WORKING DATA START

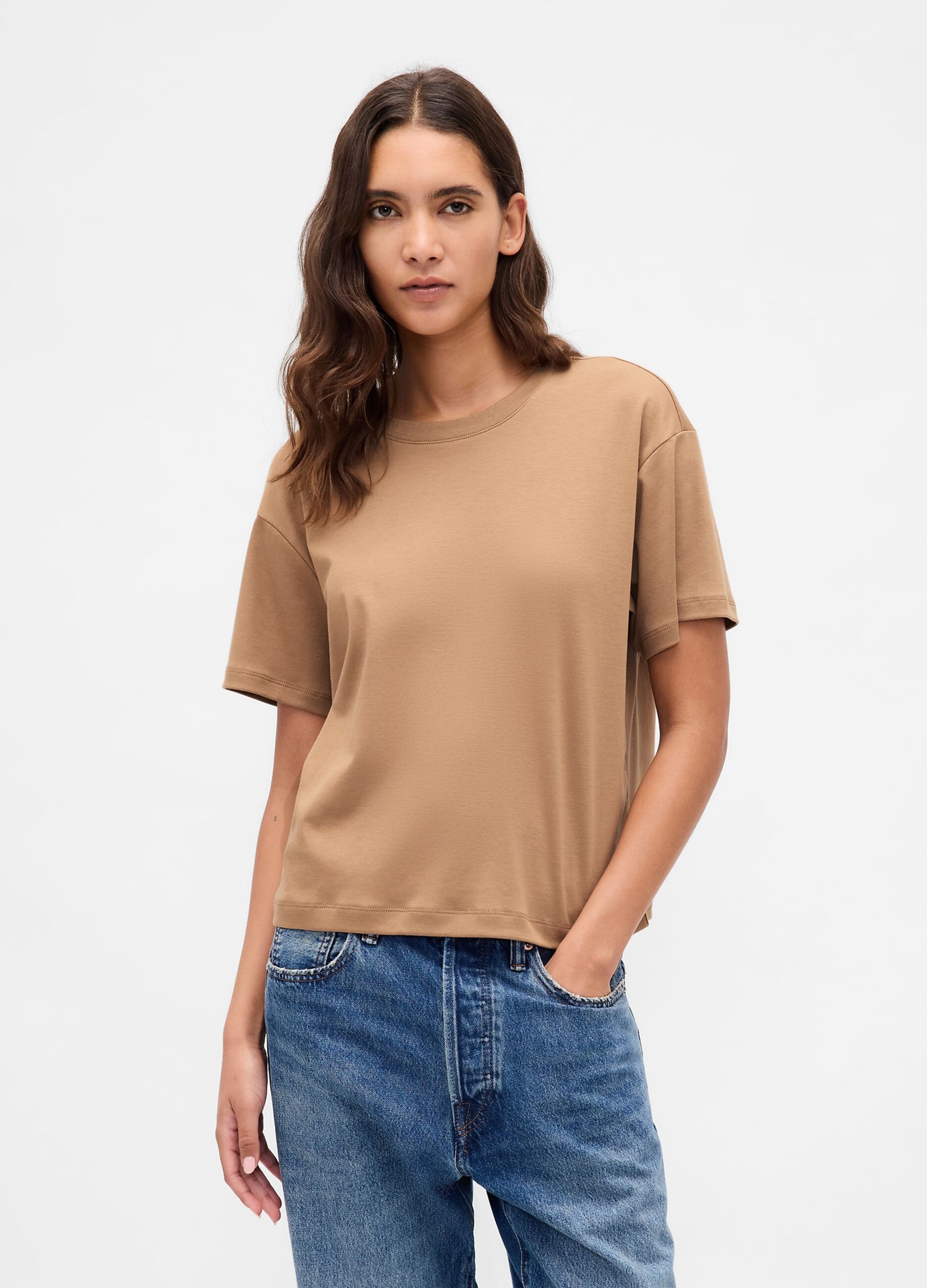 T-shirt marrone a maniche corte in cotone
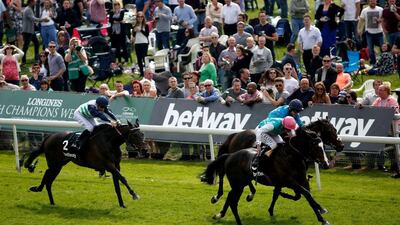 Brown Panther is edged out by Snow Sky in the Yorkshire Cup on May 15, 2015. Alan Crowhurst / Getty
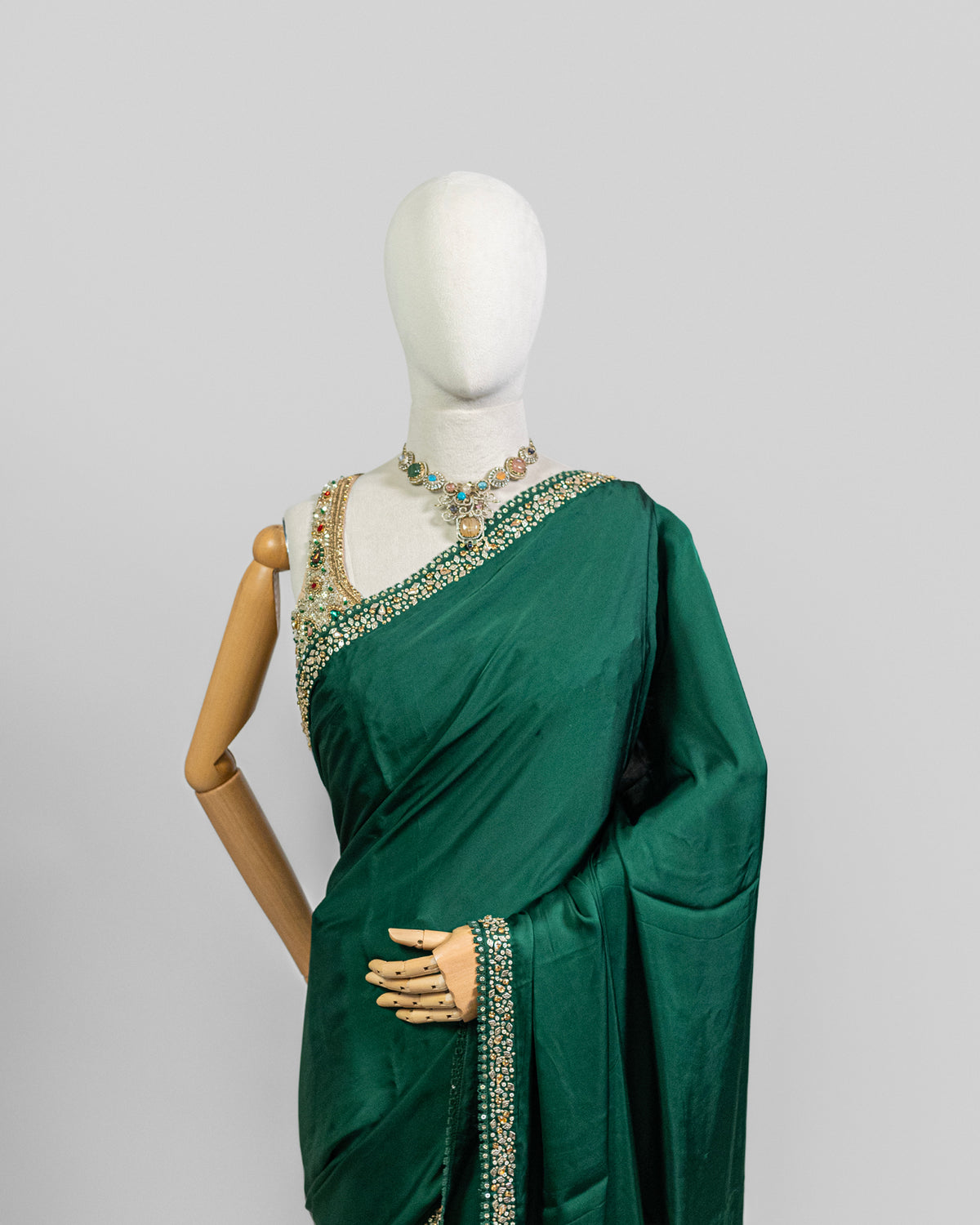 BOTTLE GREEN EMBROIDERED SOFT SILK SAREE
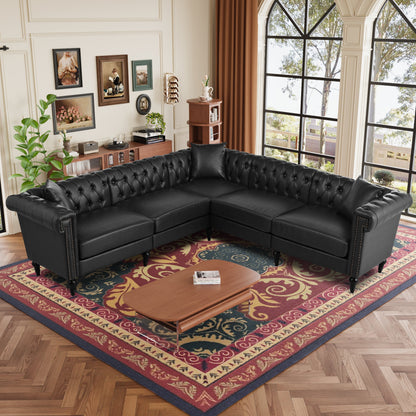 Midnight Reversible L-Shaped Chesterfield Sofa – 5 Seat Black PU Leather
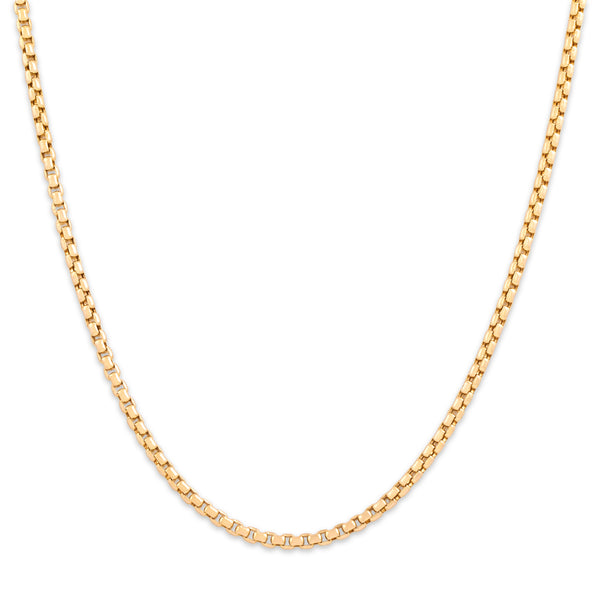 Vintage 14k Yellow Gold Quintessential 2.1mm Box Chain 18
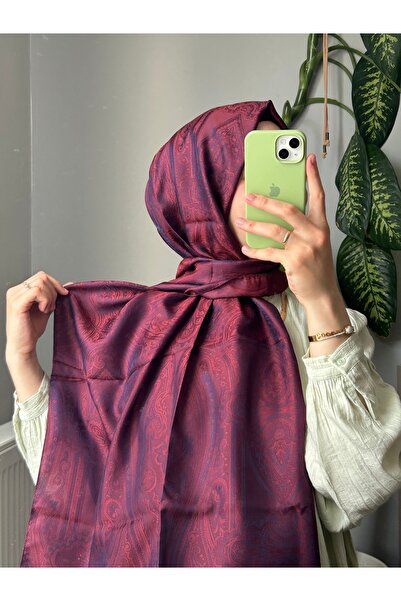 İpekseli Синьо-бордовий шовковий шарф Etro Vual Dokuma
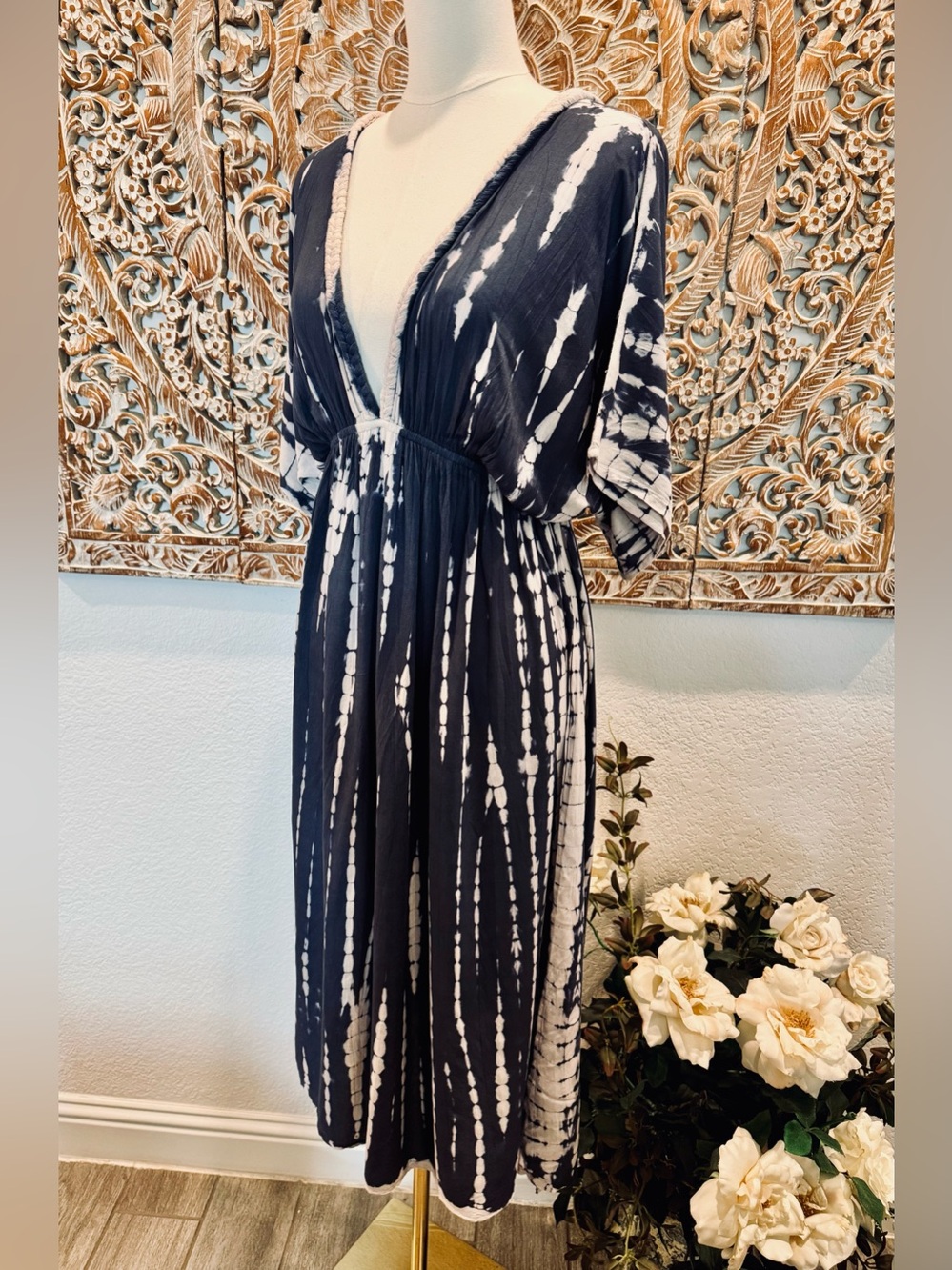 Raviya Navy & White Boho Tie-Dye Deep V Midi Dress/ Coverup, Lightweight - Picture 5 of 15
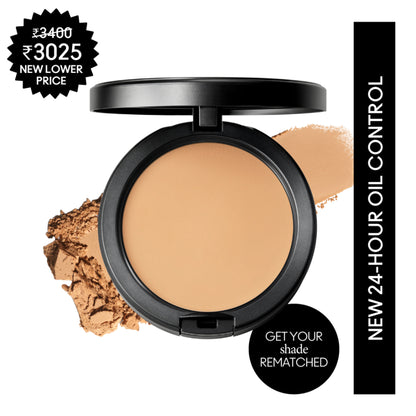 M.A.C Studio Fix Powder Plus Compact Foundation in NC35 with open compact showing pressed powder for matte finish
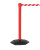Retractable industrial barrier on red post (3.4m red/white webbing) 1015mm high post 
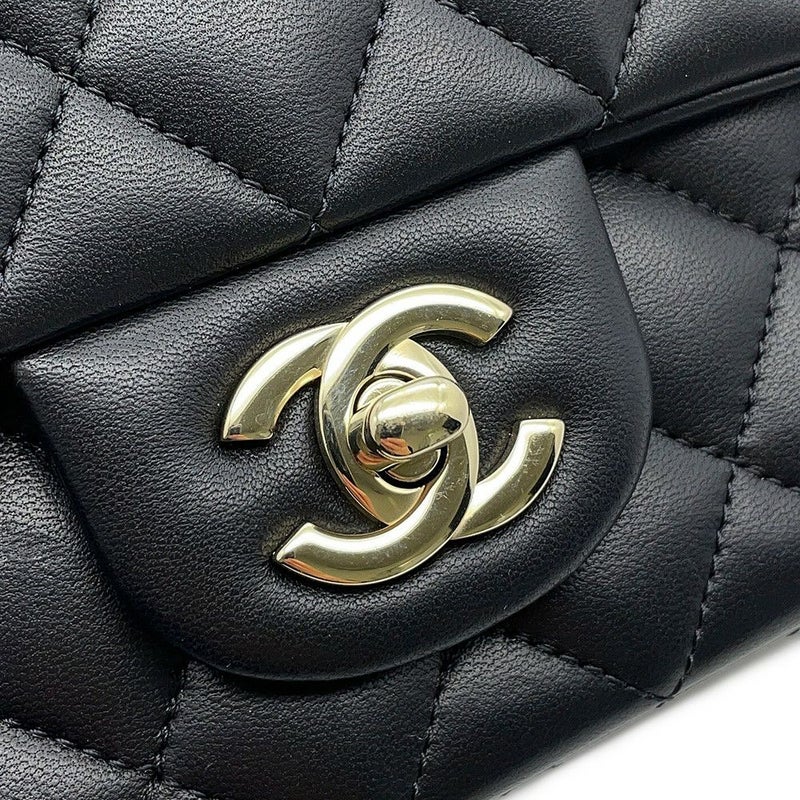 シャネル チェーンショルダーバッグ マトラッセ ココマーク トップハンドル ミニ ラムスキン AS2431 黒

WORKING DATA END

→ **TASK TO CARRY OUT**
With the pictures omitted, repeat the full set of records above exactly.

→ **THE COMPLETED TASK**
 T-shirt marrone a maniche corte in cotone
 Brown Panther is edged out by Snow Sky in the Yorkshire Cup on May 15, 2015. Alan Crowhurst / Getty
 BOTTLE GREEN EMBROIDERED SOFT SILK SAREE
 Midnight Reversible L-Shaped Chesterfield Sofa – 5 Seat Black PU Leather
 Vintage 14k Yellow Gold Quintessential 2.1mm Box Chain 18
 İpekseli Синьо-бордовий шовковий шарф Etro Vual Dokuma
 Raviya Navy & White Boho Tie-Dye Deep V Midi Dress/ Coverup, Lightweight - Picture 5 of 15
 M.A.C Studio Fix Powder Plus Compact Foundation in NC35 with open compact showing pressed powder for matte finish
Retractable industrial barrier on red post (3.4m red/white webbing) 1015mm high post 
 シャネル チェーンショルダーバッグ マトラッセ ココマーク トップハンドル ミニ ラムスキン AS2431 黒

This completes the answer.